そんな生活を送る少女を狙って押し入ってくる武装集団は一体どういう目的なのか。その辺は後半まで引っ張るのでネタバレはしませんが、あまり関係ない一般人は惨殺するし、じいさんを引きずり出すためなら少女の命すら厭わないような動きも見せるので(ここは本来の目的からするとおかしいんじゃないかと後で思いましたが)、どちらにせよろくな奴らではない。悪vs悪という図式。まあ前作も主人公がチンピラのコソ泥だったから同じなんですが、より酷い外道対決。しかし悪の中にも多少は善性が残っていたりするので、どちらがよりマシな方なのか、その辺のバランスが目まぐるしく反転するストーリー展開には驚きました。



そこからは「犬は大事にしなさい」というメッセージが強く伝わってきますね。犬を大切にする者は報われ、粗末にする者は地獄行きあるのみ。犬は賢く鼻が利くというのもあるけど素の戦闘力でもほぼ最強で、盲目モンスターじいさんと言えど犬には手も足もでません。じいさんも元軍人で相当強いはずなんですが、もともとコソ泥のチンピラ3人組にすら大苦戦していたくらいなので犬+武装集団が相手だとかなり劣勢、圧倒的弱者です。青息吐息で各個撃破していく様子はスリル満点ですが、襲う側は特に息や音を殺す必要がないのでタイトルと内容がもう全然合っていないような気がします。敵の鼻と口を接着剤で塞いでしまうところは笑いましたが。

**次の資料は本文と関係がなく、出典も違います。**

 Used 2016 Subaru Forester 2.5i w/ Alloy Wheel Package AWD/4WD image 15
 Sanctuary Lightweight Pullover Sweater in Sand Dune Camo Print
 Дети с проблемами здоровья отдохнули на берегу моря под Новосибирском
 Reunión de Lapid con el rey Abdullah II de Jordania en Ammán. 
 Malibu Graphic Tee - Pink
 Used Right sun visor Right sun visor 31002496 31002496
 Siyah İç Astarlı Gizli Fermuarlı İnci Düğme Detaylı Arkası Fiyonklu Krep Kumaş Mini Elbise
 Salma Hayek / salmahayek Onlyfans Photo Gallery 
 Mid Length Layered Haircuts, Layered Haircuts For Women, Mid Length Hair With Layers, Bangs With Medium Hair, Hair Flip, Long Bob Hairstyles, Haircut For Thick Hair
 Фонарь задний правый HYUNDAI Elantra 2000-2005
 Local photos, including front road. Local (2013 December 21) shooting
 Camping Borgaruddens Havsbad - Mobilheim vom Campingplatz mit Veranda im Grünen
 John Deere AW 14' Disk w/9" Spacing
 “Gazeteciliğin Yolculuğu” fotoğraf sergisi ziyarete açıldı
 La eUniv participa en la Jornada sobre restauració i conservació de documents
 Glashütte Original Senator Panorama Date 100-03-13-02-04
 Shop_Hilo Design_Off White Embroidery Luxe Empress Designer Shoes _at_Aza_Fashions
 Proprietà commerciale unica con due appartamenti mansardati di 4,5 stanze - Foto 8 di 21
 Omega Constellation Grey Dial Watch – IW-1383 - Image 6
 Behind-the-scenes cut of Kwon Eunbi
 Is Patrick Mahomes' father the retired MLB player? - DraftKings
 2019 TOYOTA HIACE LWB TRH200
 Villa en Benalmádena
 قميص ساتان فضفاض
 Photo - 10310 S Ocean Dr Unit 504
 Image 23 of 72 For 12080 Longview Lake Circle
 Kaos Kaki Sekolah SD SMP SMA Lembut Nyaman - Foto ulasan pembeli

ということで前作とは全く違う路線ながらもこれはこれでかなり楽しめました。結末を見ると今度こそ続編は作れないかなと思いましたが、エンドロール後のポストクレジットシーンを見るとまだあわよくば続編作っちゃうよという意思が感じられましたね。もし盲目モンスターじいさんが生き延びていたとしたら、多分犬に囲まれて生活するだろうから次回作はより犬が深く関わるストーリーになるのではないかと思いました。